D3D12_RAYTRACING_ACCELERATION_STRUCTURE_PREBUILD_INFO blasPrebuildInfo;
const D3D12_BUILD_RAYTRACING_ACCELERATION_STRUCTURE_INPUTS blasInputs = {
    .Type = D3D12_RAYTRACING_ACCELERATION_STRUCTURE_TYPE_BOTTOM_LEVEL,
    .Flags = D3D12_RAYTRACING_ACCELERATION_STRUCTURE_BUILD_FLAG_PREFER_FAST_TRACE,
    .NumDescs = 1,
    .DescsLayout = D3D12_ELEMENTS_LAYOUT_ARRAY,
    .pGeometryDescs = &geometryDesc,
};
m_Device->GetRaytracingAccelerationStructurePrebuildInfo(&blasInputs, &blasPrebuildInfo);
IE_Assert(blasPrebuildInfo.ResultDataMaxSizeInBytes > 0);

AllocateUAVBuffer(static_cast<u32>(blasPrebuildInfo.ResultDataMaxSizeInBytes), prim->m_BLAS, D3D12_RESOURCE_STATE_RAYTRACING_ACCELERATION_STRUCTURE, L"BLAS");
AllocateUAVBuffer(static_cast<u32>(blasPrebuildInfo.ScratchDataSizeInBytes), prim->m_ScratchResource, D3D12_RESOURCE_STATE_UNORDERED_ACCESS, L"ScratchResource");

const D3D12_BUILD_RAYTRACING_ACCELERATION_STRUCTURE_DESC blasBuildDesc = {
    .DestAccelerationStructureData = prim->m_BLAS->GetGPUVirtualAddress(),
    .Inputs = blasInputs,
    .ScratchAccelerationStructureData = prim->m_ScratchResource->GetGPUVirtualAddress(),
};
cmdList->BuildRaytracingAccelerationStructure(&blasBuildDesc, 0, nullptr);

const float4x4 transform = prim->GetTransform();
const D3D12_RAYTRACING_INSTANCE_DESC instanceDesc = {
  .Transform =
  {
    {transform[0][0], transform[1][0], transform[2][0], transform[3][0]},
    {transform[0][1], transform[1][1], transform[2][1], transform[3][1]},
    {transform[0][2], transform[1][2], transform[2][2], transform[3][2]}
  },
  .InstanceMask = 1,
  .AccelerationStructure = prim->m_BLAS->GetGPUVirtualAddress()
};
instanceDescs.Add(instanceDesc);

- Top-Level Acceleration Structure (TLAS) -

The TLAS is easy to build; I currently only have one for my scenes.

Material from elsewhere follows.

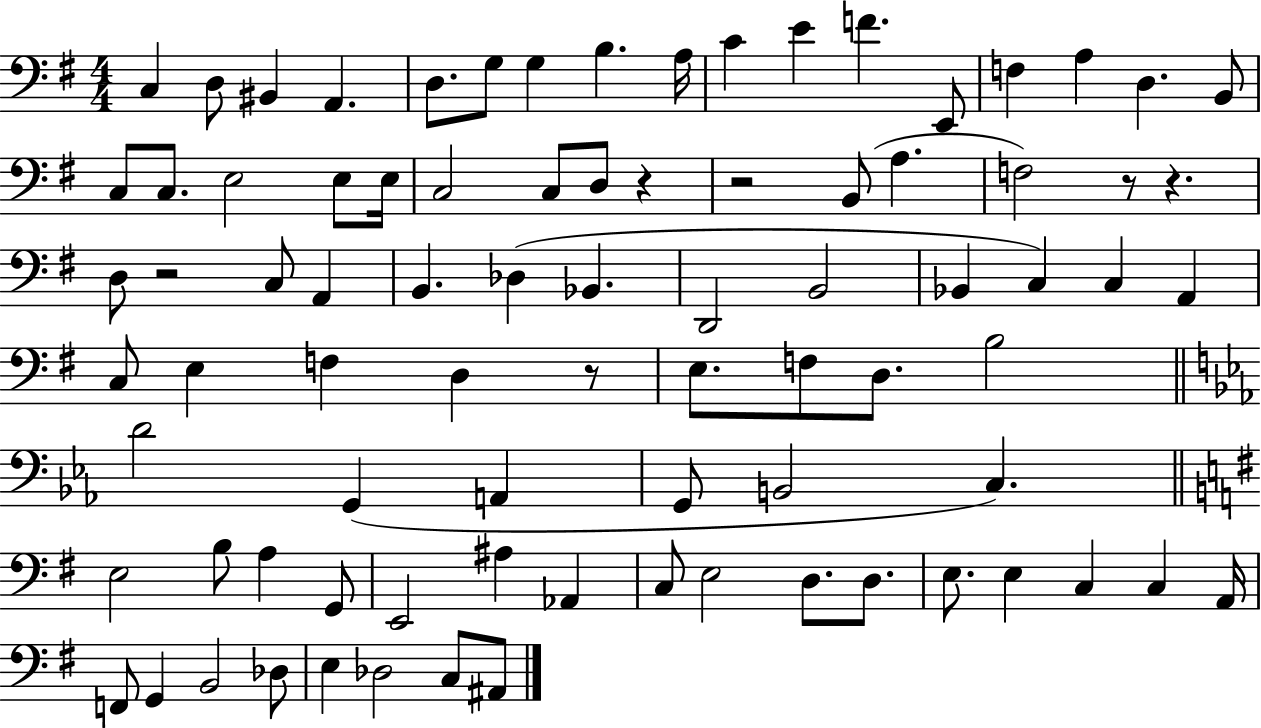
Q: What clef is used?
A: bass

I set up its inputs to point to the GPU buffer of instance descriptors and also request fast-trace performance.

const D3D12_BUILD_RAYTRACING_ACCELERATION_STRUCTURE_INPUTS topLevelInputs = {
    .Type = D3D12_RAYTRACING_ACCELERATION_STRUCTURE_TYPE_TOP_LEVEL,
    .Flags = D3D12_RAYTRACING_ACCELERATION_STRUCTURE_BUILD_FLAG_PREFER_FAST_TRACE,
    .NumDescs = instanceDescs.Size(),
    .DescsLayout = D3D12_ELEMENTS_LAYOUT_ARRAY,
    .InstanceDescs = m_InstanceDescs->GetGPUVirtualAddress(),
};
D3D12_RAYTRACING_ACCELERATION_STRUCTURE_PREBUILD_INFO topLevelPrebuildInfo;
m_Device->GetRaytracingAccelerationStructurePrebuildInfo(&topLevelInputs, &topLevelPrebuildInfo);
IE_Assert(topLevelPrebuildInfo.ResultDataMaxSizeInBytes > 0);

AllocateUAVBuffer(static_cast<u32>(topLevelPrebuildInfo.ScratchDataSizeInBytes), m_ScratchResource, D3D12_RESOURCE_STATE_UNORDERED_ACCESS, L"ScratchResource");
AllocateUAVBuffer(static_cast<u32>(topLevelPrebuildInfo.ResultDataMaxSizeInBytes), m_TLAS, D3D12_RESOURCE_STATE_RAYTRACING_ACCELERATION_STRUCTURE, L"TLAS");

const D3D12_BUILD_RAYTRACING_ACCELERATION_STRUCTURE_DESC topLevelBuildDesc = {
    .DestAccelerationStructureData = m_TLAS->GetGPUVirtualAddress(),
    .Inputs = topLevelInputs,
    .ScratchAccelerationStructureData = m_ScratchResource->GetGPUVirtualAddress(),
};
cmdList->BuildRaytracingAccelerationStructure(&topLevelBuildDesc, 0, nullptr);

- Shader Table -

For the shader table, I just link each ray tracing function in the table.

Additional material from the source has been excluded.